Gladstone was snubbed by the BAFTA award nominating committee (the London ceremony happens on 2.18) so there’s no suspense there. The SAG awards (2.24) will provide either (a) a final confirmation that she’s destined to lose the Best Actress Oscar and that Emma Stone is fated to win, or (b) a final cliffhanger element that will indicate how close things might be and allow for the possibility that Gladstone might take it after all, despite Stone’s Golden Globe and Critics Choice wins.

Stone isn’t allowed to campaign, of course. If she were to speak on her own behalf people would accuse her of some form of racial hostility.

Negative Advertising

For two or three weeks I’ve been watching a brief YouTube solicitation for donations to the Biden-Harris re-election campaign.

The spot might persuade a certain percentage to donate, but it mainly reminds that Joe Biden is too old and over-the-hill to be an effective campaigner.

Can Joe do the actual job? Mistakes and elite woke allegiances aside, he’s shown that he’s a moderate veteran who knows the ropes and can handle the demands after a fashion.

Does Joe project prime-of-life strength and hard-snap vigor? Please.

The 62 year-old guy on the left is clearly attractive, mentally sharp and possessed by natural charisma. The pale 81 year-old guy on the right is squinting too much — obviously in a state of natural great-grandfatherly decline — and he hoarsely mumbles more than enunciates.

I used to visit my late mom in an assisted living facility so don’t tell me.

This ad is telling us, in short, that the guy on the left has it and the guy on the right mostly doesn’t.

I want Biden to be re-elected and yet it’s obvious that he might not make it, as Steve Kornacki and that recent, seriously stunning NBC News poll suggests.

If Biden loses next November his name will be mud until the end of time.

Rather than accept reality and strategically step aside, historians will lament, he arrogantly insisted that he was the best candidate to defeat The Beast, and in so doing plunged the nation right back into another four years of deranged, law-defying chaos and neo-totalitarian horror.

Substitute Michelle Obama for Kamala Harris and the whole picture changes. People despise Harris and are terrified of a succession scenario, but the same folks would be down (or at least a lot happier) with Michelle.

MAGAs and Jabbas

I’d never heard of these magazines until late yesterday morning (Sunday, 2.4). They were sitting on a checkout rack at a ShopRite market in West Orange — a ten-minute drive from Jett, Cait and Sutton’s home.
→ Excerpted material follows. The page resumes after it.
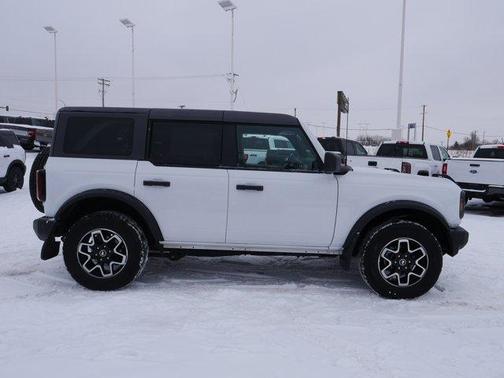 2022 Ford Bronco Big Bend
The reason for their absence from HE radar is that my most-visited food haunts over the last two years — Wilton’s Village Market and WeHo Pavilions — wouldn’t dare offer them because this would suggest that Trumpers and obesity-sufferers are regular shoppers, which is somewhat degrading from a cultural standpoint.

The irony is that there’s nothing overtly coarse or downmarket about the ShopRite in question. And yet someone in ShopRite management figured these rags would appeal to customers. Do the math.